* [Assignment]: Return nothing but the lines from the line with "YSRCP dharna meets" through the last line of the entries that follow, copied exactly and free of pictures.

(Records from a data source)
★ ★ ★ ★

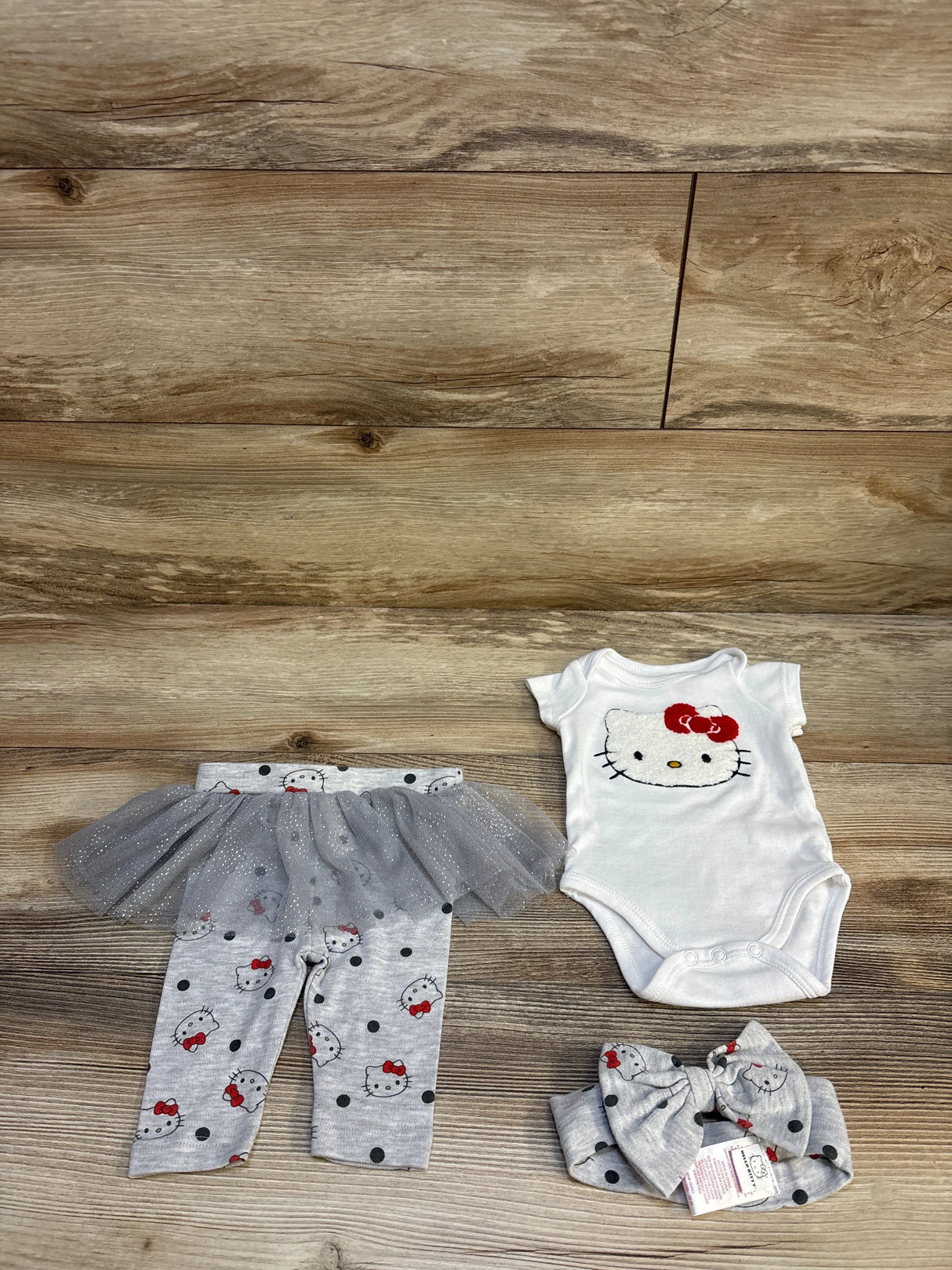 Hello Kitty 3pc Textured Bodysuit & Skeggings Set White sz 3m
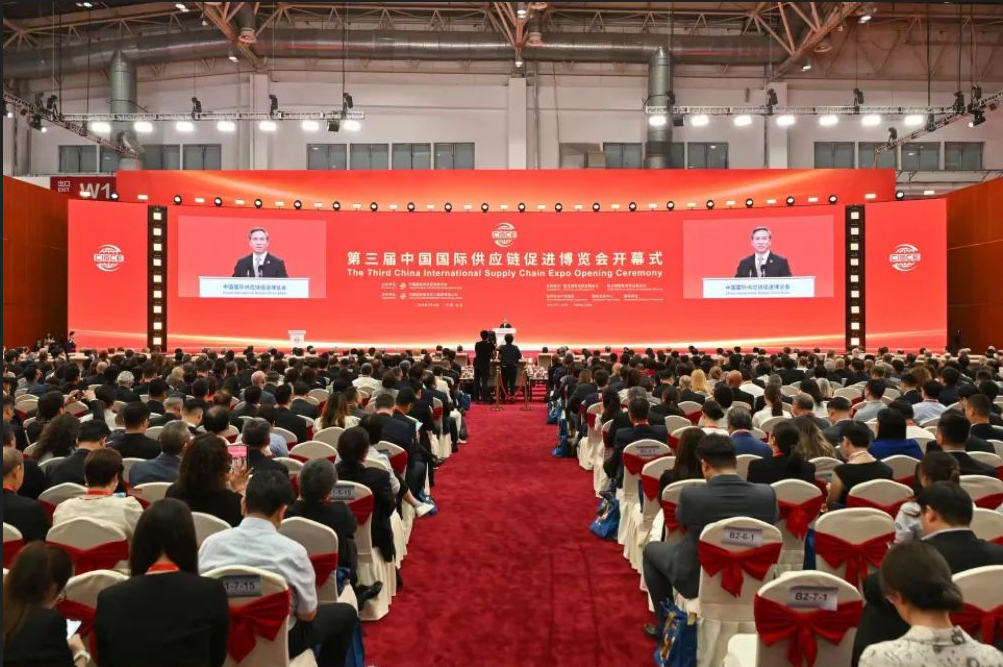 pg赏金女王亮相中国国际供应链促进博览会 展示绿色铝业智造新范式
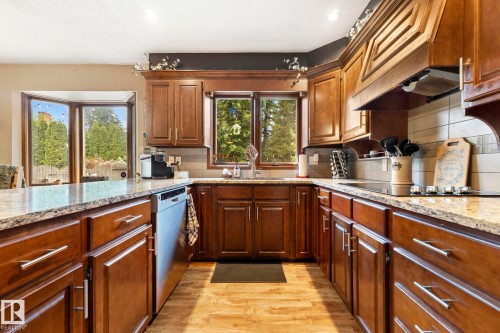 2 Lauriston Place, St. Albert, AB 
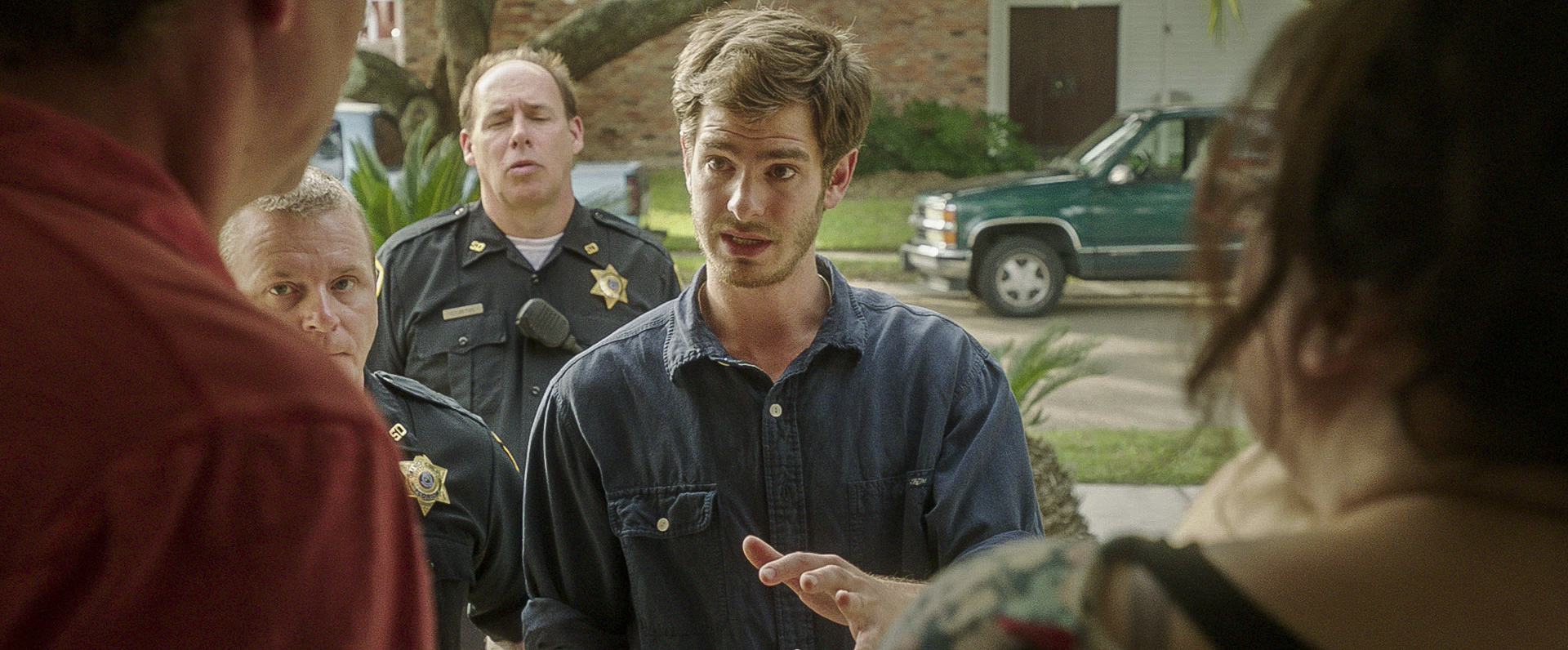 Still of Andrew Garfield in 99 Homes (2014)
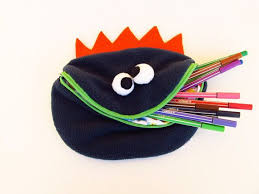 Try Making This Silly Monster Pencil Case Yourself To Store Colored Pencils In Your Shoebox Pencil Bags Sewing For Kids Toy Bags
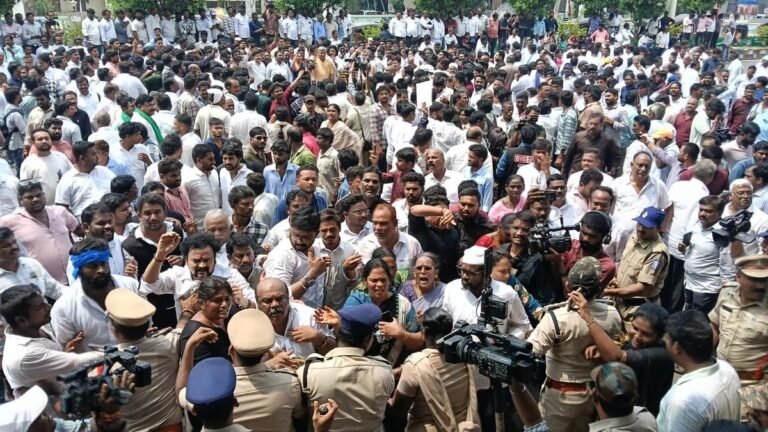 YSRCP dharna meets PETs counter-dharna at SAAP office in Vijayawada over DSC sports quota jobs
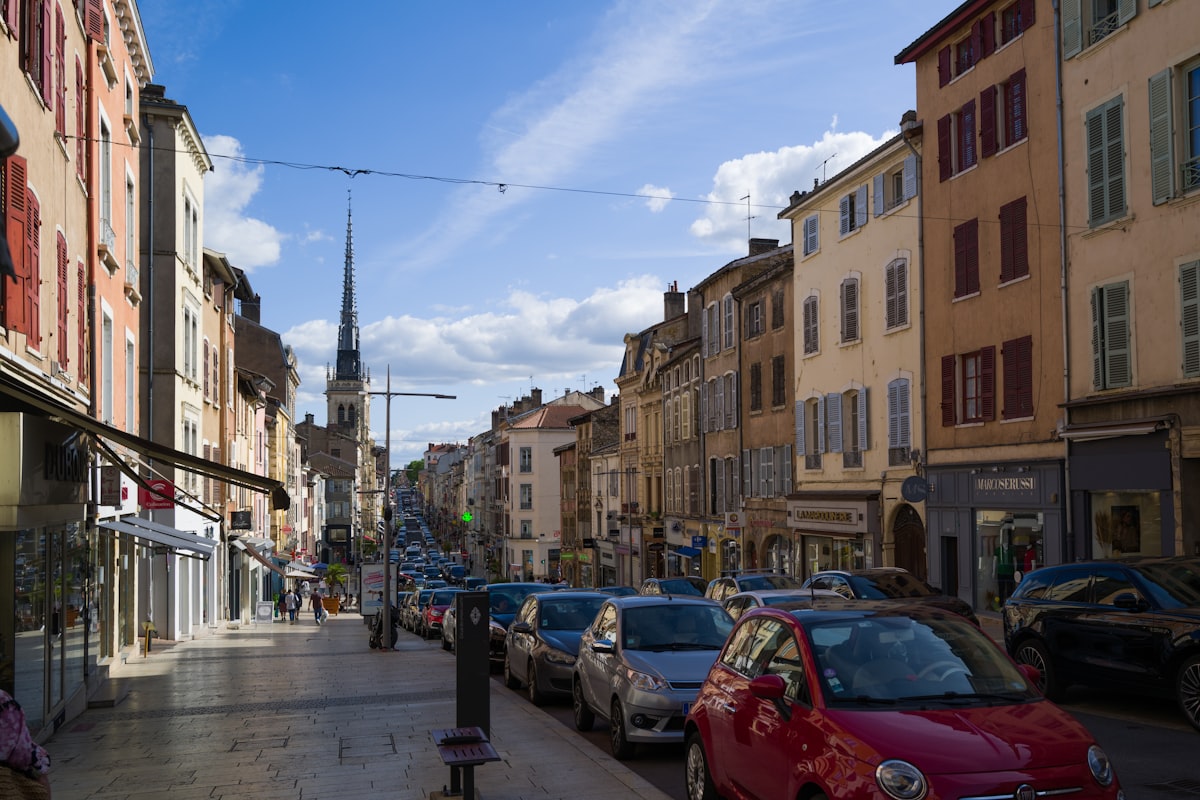 Giez street scene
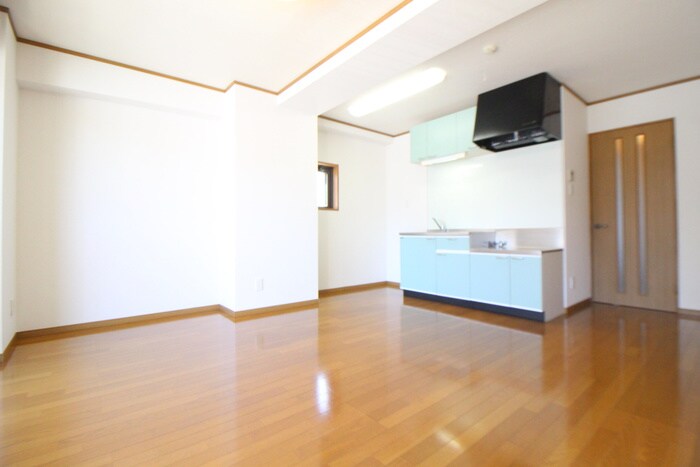 物件内観写真8　(居室)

★ ★ ★ ★

* [Task output]:
 YSRCP dharna meets PETs counter-dharna at SAAP office in Vijayawada over DSC sports quota jobs
 Giez street scene
 物件内観写真8　(居室)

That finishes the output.